Data to use:
--- START ---

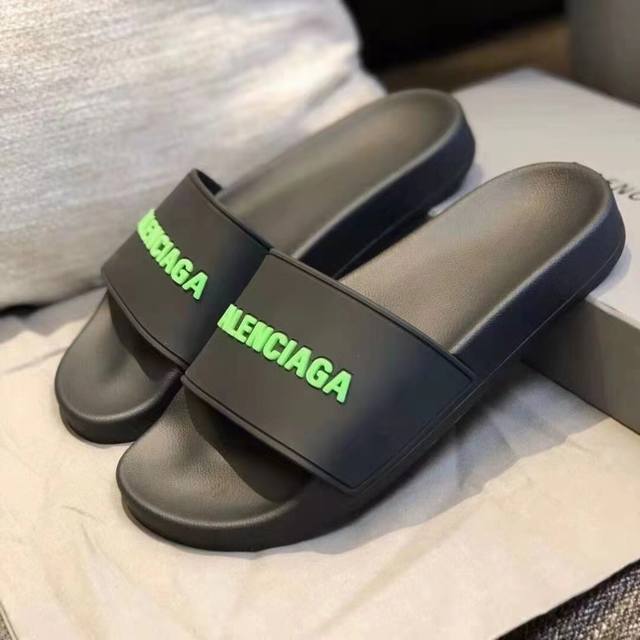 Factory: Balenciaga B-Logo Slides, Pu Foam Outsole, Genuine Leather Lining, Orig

--- END ---
--- START ---

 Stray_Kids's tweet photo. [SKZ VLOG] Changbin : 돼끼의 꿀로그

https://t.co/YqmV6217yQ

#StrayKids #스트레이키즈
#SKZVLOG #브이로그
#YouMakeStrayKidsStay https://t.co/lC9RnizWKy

--- END ---

In the data above, which lines have "https"? Report each of them.

https://t.co/YqmV6217yQ
#YouMakeStrayKidsStay https://t.co/lC9RnizWKy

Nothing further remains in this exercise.